Replace changes all occurrences of the pattern, if you wan to limit that to the first one or few occurrences, you may use the count argument.

  =>< S.replace(old, new[, count]) -> string >
  a = "hello world world world world"
  a.replace('world', "Everyone", 2) ==>"hello Everyone Everyone world world"

Regex Pattern Searching

The regex re module provide access to regex pattern searching in any string. It is powerful and versatile with unlimited possibilities of search and replace inside a string or text documents.

  import re
  text = 'hello world'
  re.search('h(.+?)\s', text).group(0) =number of characters starting with h
  re.search('(.)\s.*', text).group(0)  =Any character followed by space till end of string
  re.search('[aeiou]', text).group(0)  =first vowel in string
  re.search('\w.+', text).group(0)     =Any number of words in string

Find Position of substring

You may get the index of substring to know its position in the string. It is possible to focus on a certain portion of the big string by indicating the start and end position of that segment.

  =>< S.index(sub [,start [,end]]) -> int >
  S = "The quick brown fox jumps over the lazy dog"
  S.index('fox')
  S.index('dog')

Slice a String

As string is a list of characters, it can be split at any index position or between any two positions.

  =>< slice(stop)>  <  slice(start, stop[, step]) >
  string = "too may cooks tried to spoil the broth"
  string[1:10, 2]

Extended slicing can be done using the slice function> * string.slice(stop) * string.slice(start,stop,step)

This creates a slice object which will be used on the string to slice it.

  string = "too may cooks tried to spoil the broth" 
  print(string[1:10]) =simple slicing
  slice_object = slice(8,100) =create slice object
  string[slice_object]

Partition function split a string into three parts including the separator which can be a length of characters.

  partition (pre,pattern, post) ==>
  => <S.partition(sep) -> (head, sep, tail) >
  => Search for the separator sep in S, and return the part before it, the separator itself, and the part after it.
  S = "The quick brown fox jumps over the lazy dog"
  S.partition(" ")  =return a tuple
  S.partition("fox")
  S.partition("jump")

Change String Properties

Make a copy

String is a list of characters, so you may make a copy of the whole string or part of it.

  hi = "Hello World"
  hi2 = hi[:]     =same as hi2 = hi
  hi3 = hi
  print(hi, "=", hi2, "=",  hi3)

Repeat a String N number of times

  =>< String*N >
  "Ho! " * 3

Hide the String

To hide a string multiply it with zero, this does not remove it from memory.

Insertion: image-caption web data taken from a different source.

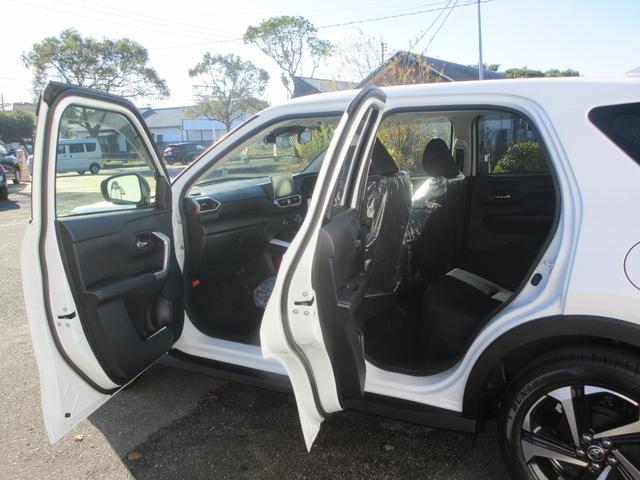 ライズ Ｚ　９インチディスプレイオーディオ　ＥＴＣ２．０　ＨＤＭＩ　ステアリングスイッチ　オートエアコン　アクセサリーソケット　シートヒーター　前後方ドライブレコーダー　純正アルミホイール　スマートアシスト（17枚目）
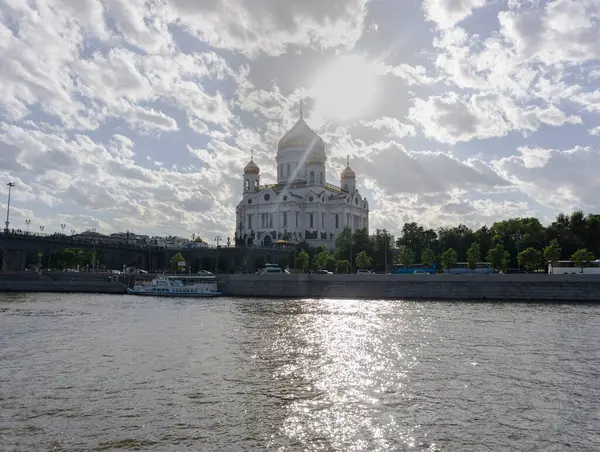Catedral Salvadora Cristo Ortodoxa Vista Rio Moskva Com Sol Atrás — Fotografia de Stock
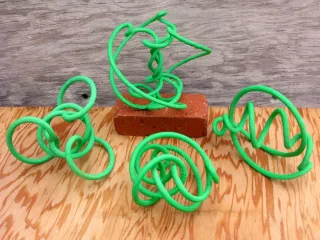 Closed Recursive Curves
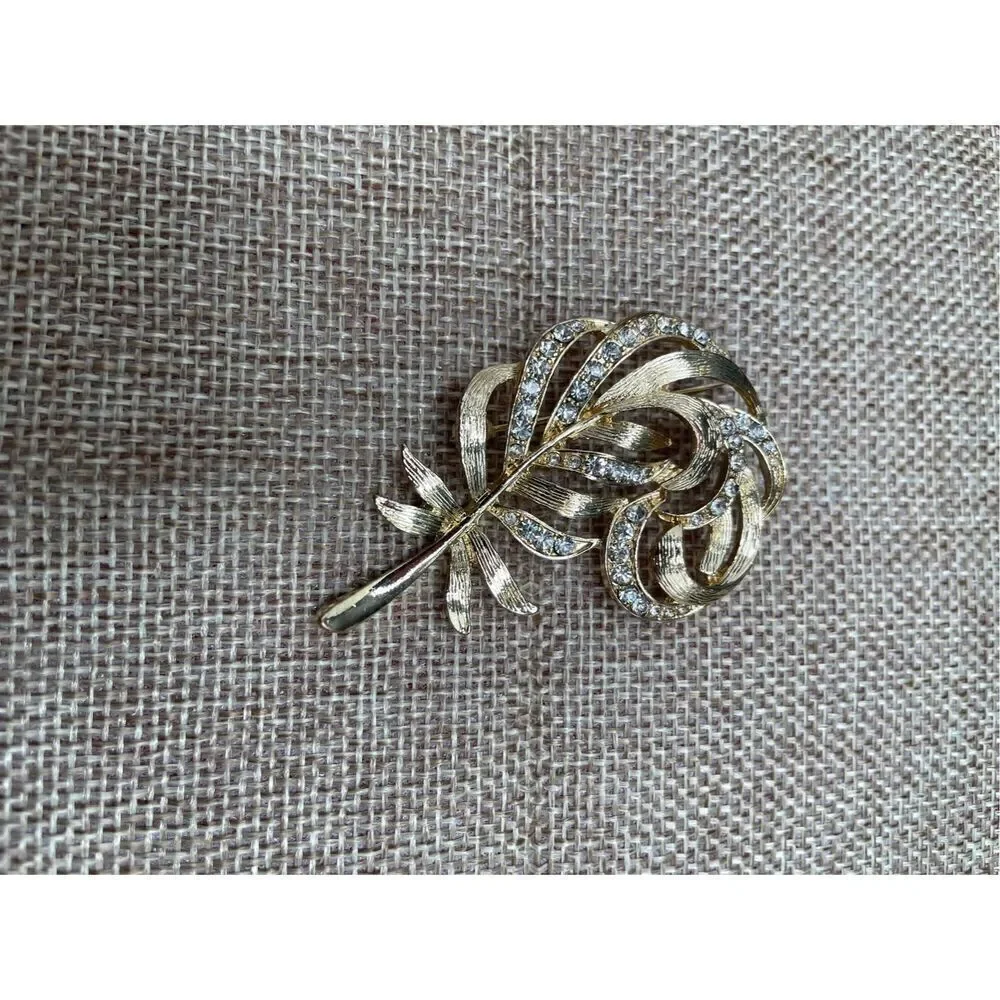 Vintage Bundle of 4 Broaches Pins Goldtone Stamped
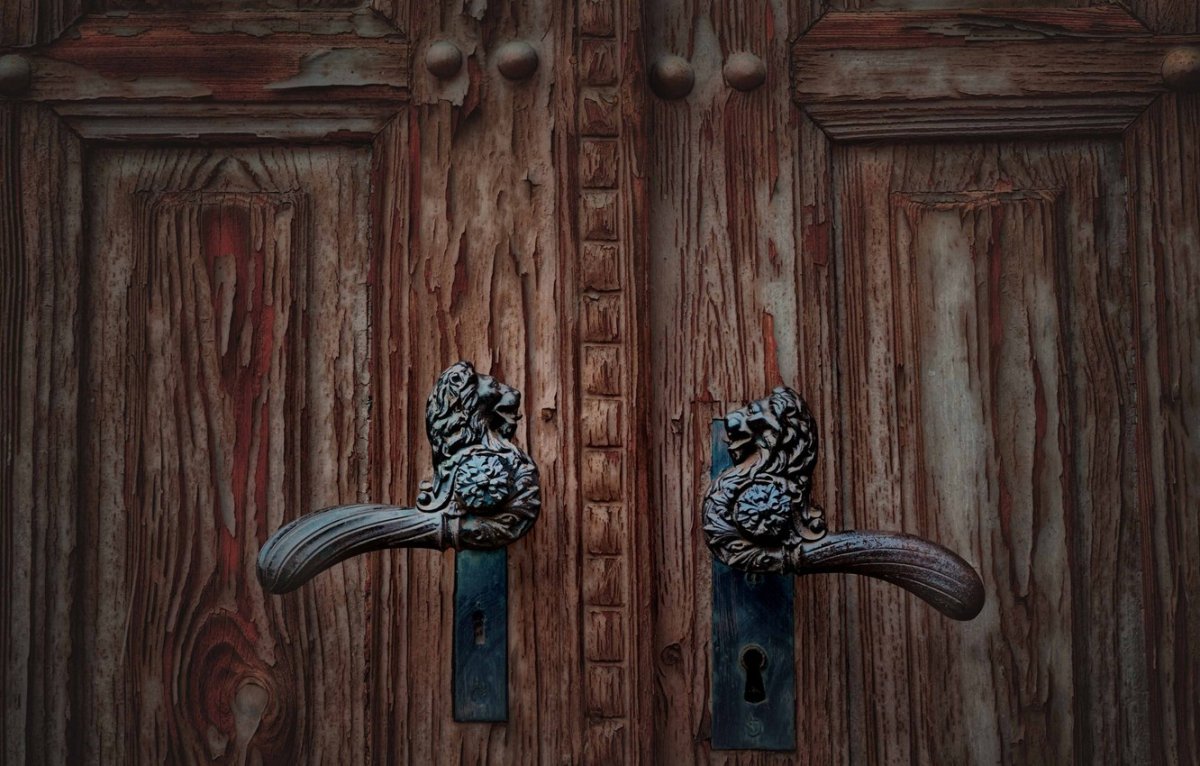 Лада Приора заниженная тюнинговая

To remove it completely and empty all characters, use assign its variable to None.

  =>< String*0 >
  "Ho! " * 0

  a = "abcde"
  a = None
  a =

Count characters in a string

To get the size of a string in characters, use the count() function. It returns the number of non-overlapping occurrences of substring sub in string S[start:end]. It allows you to decide where to start and where to end. Using it creatively, you can count the number of substrings or sequence of characters, or even special characters like linefeeds and newlines, thus you can count how many paragraphs in a document.

  => < S.count(sub[, start[, end]]) >
  a = "hello world\r\nGood Morning\n\nHappy New World"
  a.count("l")     ==> count 'lo'from start to end
  a.count("l", 5)  ==> count 'l' from position 5 to end
  a.count("o", 3, 7)==> count 'o' from position 3 to position 7
  a.count("")    ==> count all characters including \s\n\r\f..etc.
  a.count('\n')     =count number of lines.
  a.count('\n\n') =count number of paragraphs.

Split String Into a List

A string is a list of characters, but if you want to split it into segments of strings and put these in a list as its elements use the split() function. Split() needs a separator as the first argument. It returns a list of the words or segments in the string, using sep as the delimiter string. If sep is not specified or is None, any whitespace character (space, \n,\r,\f\s) is used as a separator. To specify a space enter it quoted as a separator. Empty strings are removed.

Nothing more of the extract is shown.